My dial indicators are Mitutoyo & have dovetails on the case. So I use a flat back & use the dovetails for mounting on my Nogas. Otherwise I would make an adapter to bolt to the lug back.


----------



## bfd (Mar 15, 2017)

the adapter I have screws to the hole in the lug with a nut bolt configuration then there is a 1/4" shaft that protrudes and mounts to a standard dial indicator swivel. bill


----------



## kd4gij (Apr 8, 2017)

CarlosA said:


> I have always held mine by the stem below the dial... is the lug designed to be bolted to?
> 
> I am making a new dial (drop) indicator holder and want to maximize space this time, when clamping by the stem it always seems to be in the way. I wasn`t really sure if the lug is meant to be rotated and permanently bolted to, or if there is some special mount.
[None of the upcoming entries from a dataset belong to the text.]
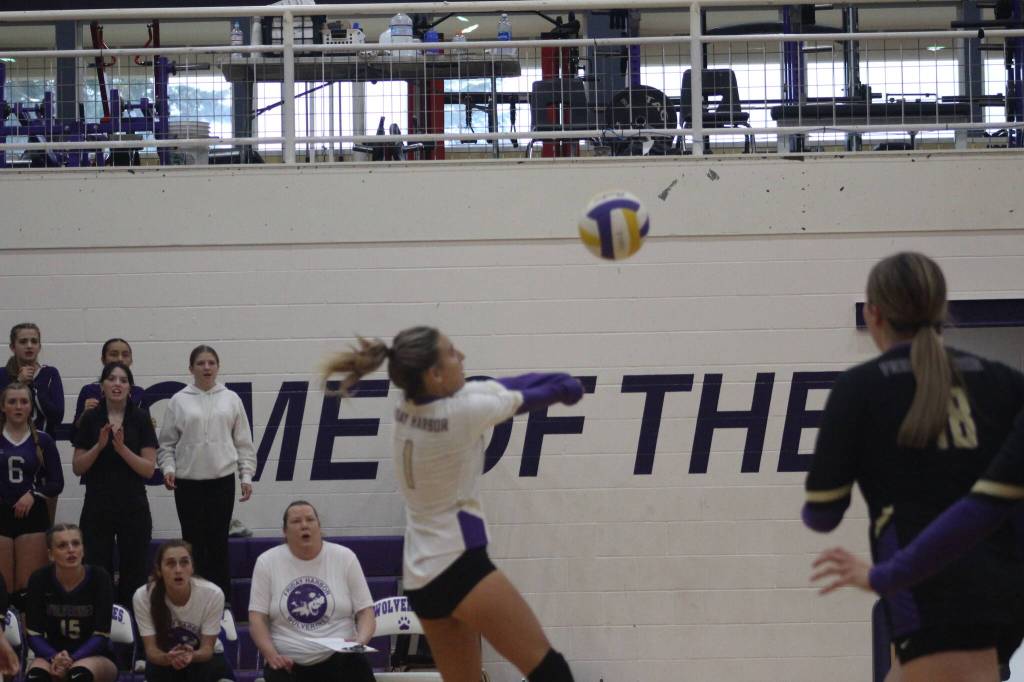 Heather Spaulding \ Staff photo
Wolverines setting the ball up to return to the Lobos.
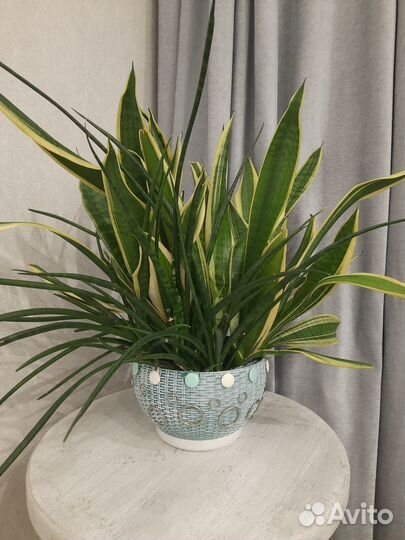 Продам Сансивьеру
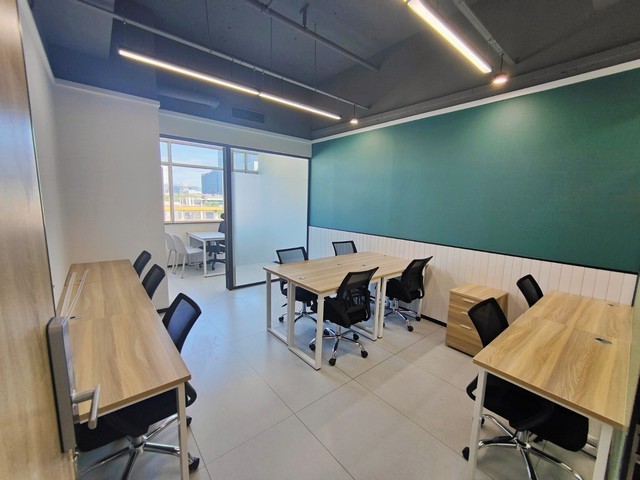 广东煲汤用中华草龟养殖厂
 The lug can be rotated 90deg and mounted to a stand for a drop indicator .


----------



## Wreck™Wreck (Apr 14, 2017)

darkzero said:


> As Bob mentioned yes the lug is also meant for mounting. AGD2 indicators have a 3/8" stem as a standard for mounting but I never liked using the stem for mounting.
> 
> My dial indicators are Mitutoyo & have dovetails on the case. So I use a flat back & use the dovetails for mounting on my Nogas. Otherwise I would make an adapter to bolt to the lug back.


I see it mentioned often, what is a Noga?


----------



## ddickey (Apr 14, 2017)

Noga is a brand.


----------



## darkzero (Apr 14, 2017)

Wreck™Wreck said:


> I see it mentioned often, what is a Noga?



Most of time they are referred to their articulating indicator mag mounts. But they also make excellent deburring tools as well & other products. They also make articulating arms for cameras for the photography industry.

Previously you said they did not work well for you?

http://www.hobby-machinist.com/threads/question-on-mounting-an-indicator-on-noga.47191/#post-400223


----------



## Wreck™Wreck (Apr 14, 2017)

You are correct, I suspect that I do not connect the name with the tool as an everyday description.
I just consider everything  a generic indicator holder for general use.


----------



## dlane (Apr 14, 2017)

Are they related to nogahide


----------